The protesters also called again for Mayor Mali and acting Belgrade police chief Vladimir Rebic as well as Minister of Interior Affairs Nebojsa Stefanovic to resign.

Amid the now-common protest symbol of the yellow duck, multiple banners that protesters carried said: “No fear, no surrender” (“Nema straha, nema predaje”), “We are not giving” (“Ne damo”), “Mali is falling, Big will fall too” (Pada Mali pasce I veliki”) was a banner designed for Belgrade’s mayor and Prime Minister Aleksandar Vucic, in which Mali’s last name, which means “small” in Serbian, was used to express him “falling” while the “big”, or Vucic, will fall too.

Messages similar to those of Serbian communists and partisans in WWII were also present: “Better war than pact” (“bolje rat nego pakt”) , “Because of freedom, we are not giving” ("Zbog slobode, ne damo") were also seen on the September 29 evening. The word “giving” was used in order to underline that protesters are not willing to give part of Belgrade to either the government or any Arabic investors.

An incident in the night

On the night of April 24-25, immediately after the election that gave the government of Vucic another majority, a group of masked men demolished several sites in Hercegovacka and Mostarska streets in Savamala. Citizens who witnessed the demolition claim they were treated violently by the masked men and that the police did not respond to their calls for help.

The area demolished was where a part of Belgrade Waterfront, nicknamed ‘Belgrade Water-fraud’, was due to be built. Belgrade residents were angered by the demolition and the government's failure to sack the officials responsible. Thus began a series of protests from May 11.

Prime Minister Vucic said on June 8 that the people behind the demolitions were top Belgrade officials and it is they who need to take responsibility. “Don’t expect names from me but from the relevant institutions. It is known where responsibility is – at the top of city government! But for the names you will have to wait from the relevant authorities,” Vucic said in response to journalist questions over whether the mayor should have to take responsibility.

The incident has caused big disagreements between Serbia and the international community, with government sources telling bne IntelliNews that Vucic was at one time casting about for scapegoats as high as Deputy Prime Minister and Minister of Interior Affairs Nebojsa Stefanovic, but appears now to have decided that local officials should have to take the fall. 

On September 27, Maurizio Salustro, a senior adviser to the Organization for Security and Co-operation in Europe mission in Serbia, said that Serbian citizens should be concerned over the behaviour of the police in this case, which appeared intentional and pre-planned. “Leaving aside what the criminals did that night, the problem is what the police did, that is, did not do,” Salustro was reported as saying. “If you read that (ombudsman’s) report, and if what it says is true, there is irrefutable evidence that the actions of the police were deliberate – not only deliberate but also planned at a very high level, as otherwise it would not have been possible.”

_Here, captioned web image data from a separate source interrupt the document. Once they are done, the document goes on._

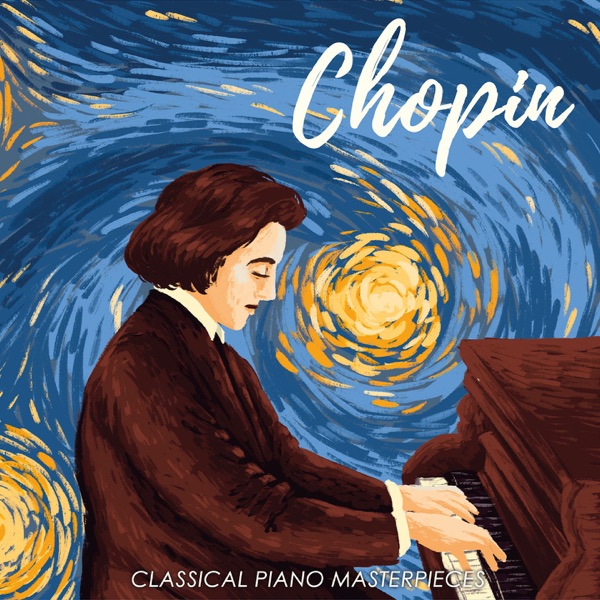 Chopin: Classical Piano Masterpieces album cover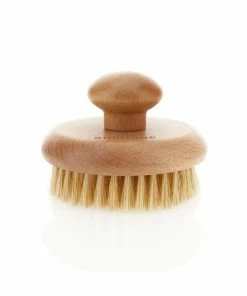 Anatome Round Body Brush Natural Sisal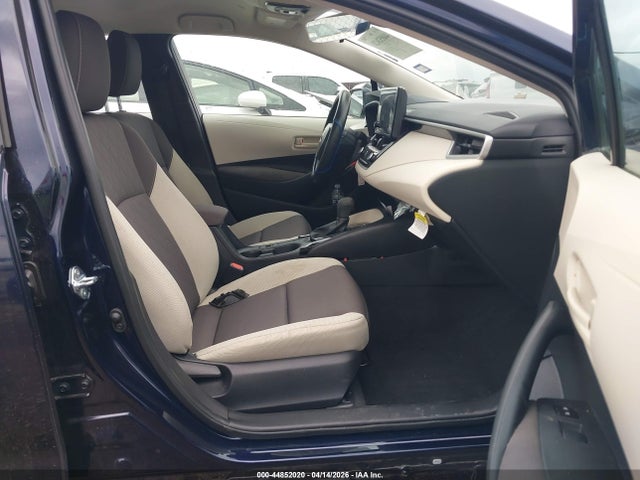 44852020 :رقم المزاد ، 5YFB4MDE7SP348302 vin ، 2025 Toyota Corolla Le مزاد بيع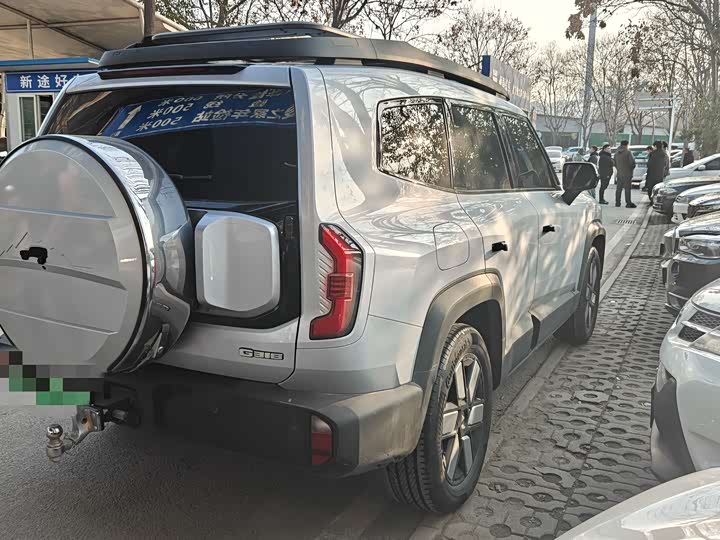 Фото 3 - Changan Deepal G318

According to a May report from Serbian Ombudsman Sasa Jankovic based on police documents and recordings of police telephone conversations during the demolition, the police didn’t respond, on purpose, to calls from citizens who had seen around 30 masked men armed with baseball bats and equipped with diggers tearing down buildings in Savamala.

Interior Minister Stefanović reacted to Salustro’s words by saying he would seek an answer to why a representative of the OSCE should have “grossly interfered in the internal affairs of Serbia”, national broadcaster B92 reported on September 28.

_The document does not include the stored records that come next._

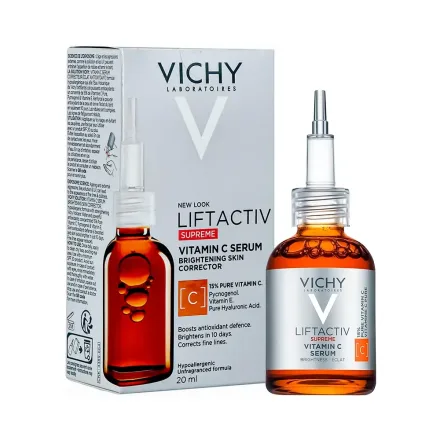 Serum Vichy Liftactiv Supreme Vitamin 20ml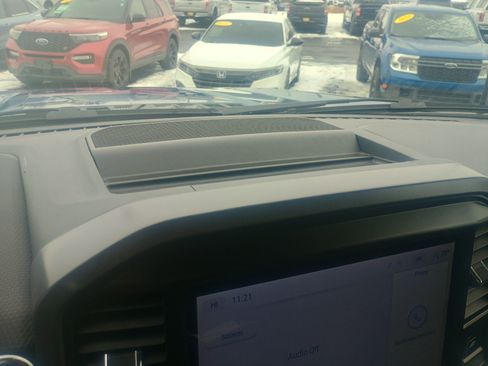 Certified 2025 Ford F150 XLT w/ Equipment Group 301A Standard image 22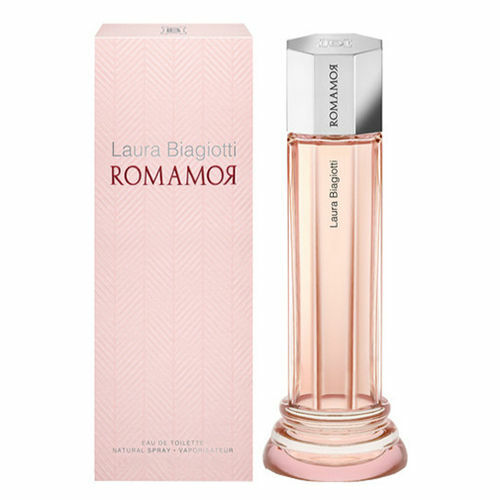 Profumo Donna Laura Biagiotti ROMAMOR Edt 100ML + Campioncini Regalo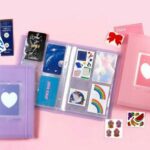  Deco pocket photocard File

Stefanovic said he was surprised by the OSCE interfering in a way that “honours neither the prosecutorial investigation nor the court proceedings that have not yet been concluded”. Stefanovic added that once he receives a response from the OSCE, he intends to send an official letter to Vucic concerning the next steps of the interior ministry.

Asked why the interior ministry has failed to submit an internal control report on the Savamala case to Ombudsman Jankovic, Stefanovic said his ministry will forward the report, “and they are free to act as they see fit”.